Springtime for Hitler

Spring in New York was like a relief. It felt like a ton of bricks was shed from the gray skies and off of my shoulders. And literally, shedding wool coats, scarves, mittens and layers of clothing made me feel about 15 pounds lighter. Also, there was no more planning, I could just walk out my door without thinking about how many layers were necessary for the day, if I needed to shovel or sprinkle more salt on the icy hill before going to the grocery store. Spring in New York was like the feeling of being all done with finals. It was such a gloriously happy seasonal change I forget all about the winter complaints and met my friends at the park to talk about how great the weather was. There should be a spring parade, everyone would attend.

California is always beautiful. No one ever talks about the weather. Ever. Even in the spring. It just gets more beautiful. Most lifers here don't even take much notice to the bright colors covering the hillsides like soft baby blankets. Purple, white, orange, red, and yellow gently hover on top of the brightest and most abundant green grass I have ever seen.

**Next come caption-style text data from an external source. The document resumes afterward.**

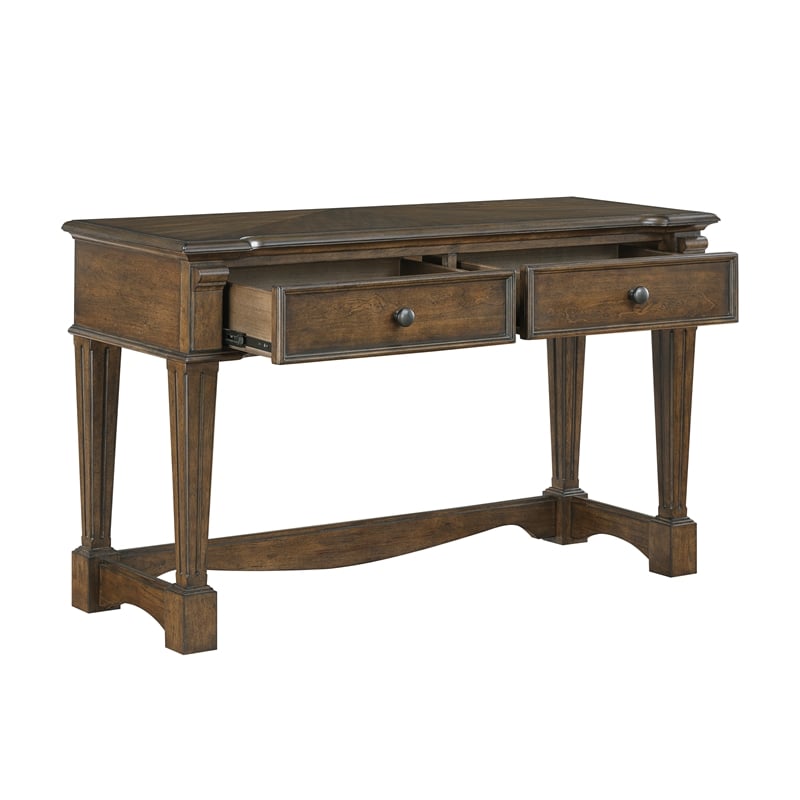 Lexicon Rochester Asian Hardwood Sofa Table in Brown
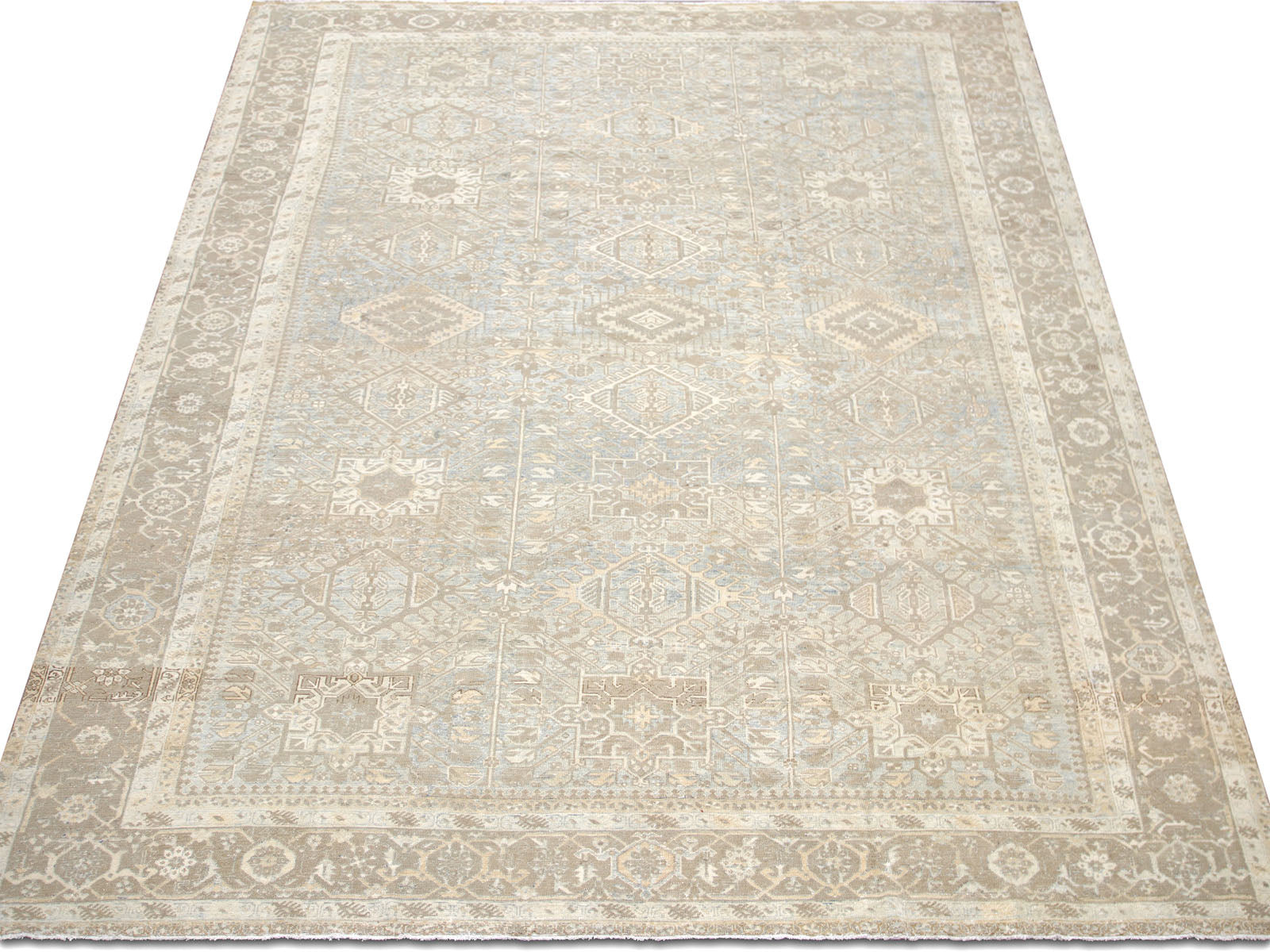 Antique Persian Heriz Rug - 11'6" x 15'3"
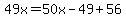 49x=50x-49%2B56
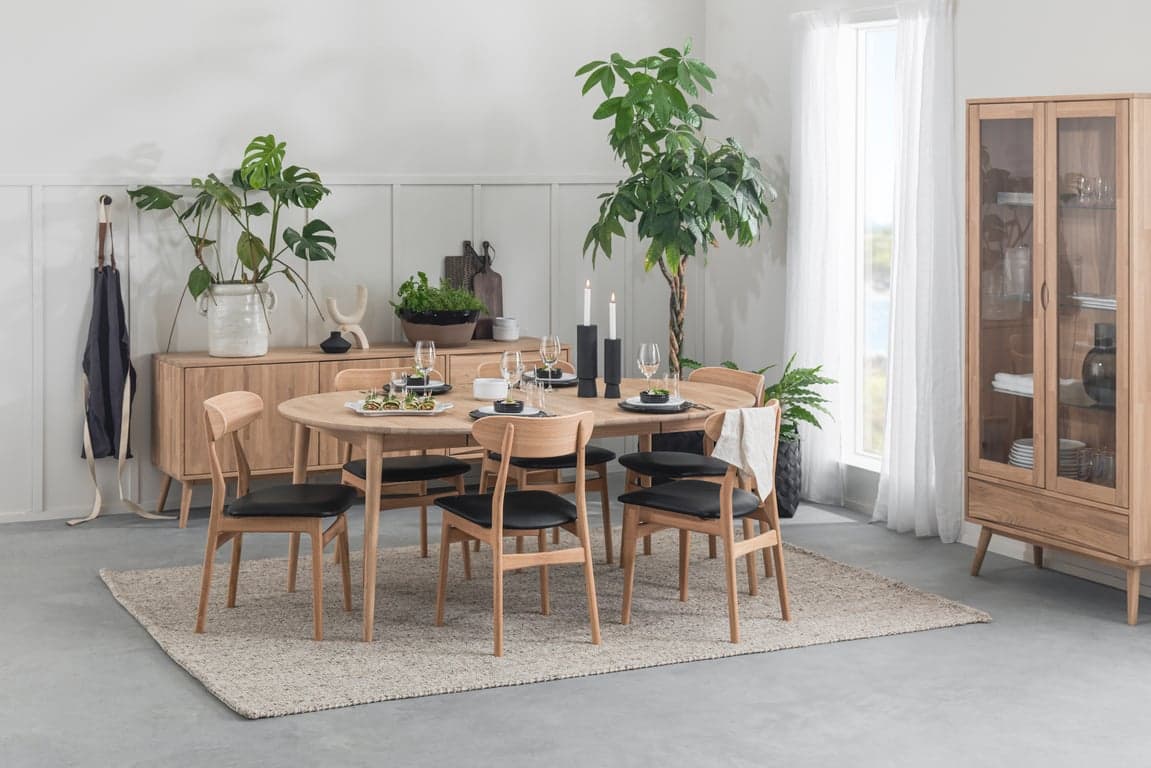 Linden spisebord rundt Ø 110 cm - bilde 2 av 3
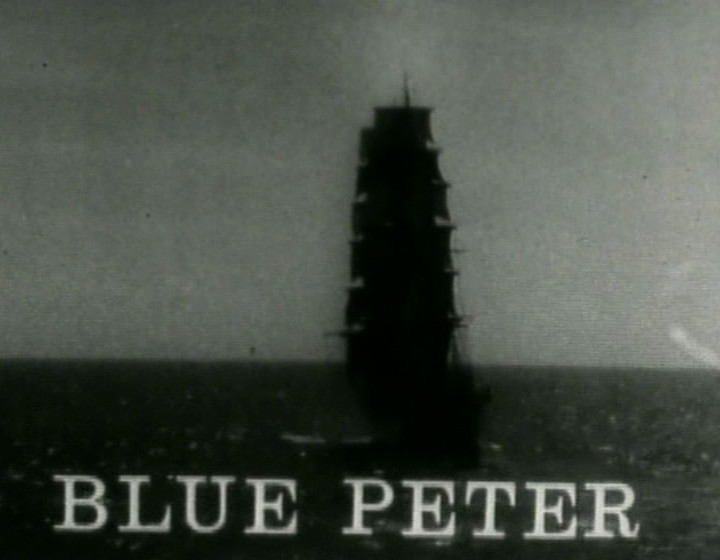 Blue Peter titles - with artefact on right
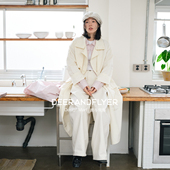 鹿与飞鸟「穿上即走」极简风抽绳调节休闲日系中长款 风衣外套7341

It's like when you use a popcorn popper and get all excited when the popcorn knocks the lid off and overflows. It almost seems fake, like a really big painting. Like I am living in The Truman Show movie. Like I can kick over the acrylic on canvas set that appears to be sky, mountains, hills, beauty. Unreal is a word I mumble often as I drive down any freeway, thinking Ireland must be more than my vocabulary could describe.

And it's not mine, California. I am just borrowing all of it. We never have intended to live here for a long time. It's a resting place for a bit that I wish I could package up like the folding chairs and take with me, where ever it is we decide to land and plant some roots. Until then I am living with a walk-on part of a background shot from a movie I'm not in.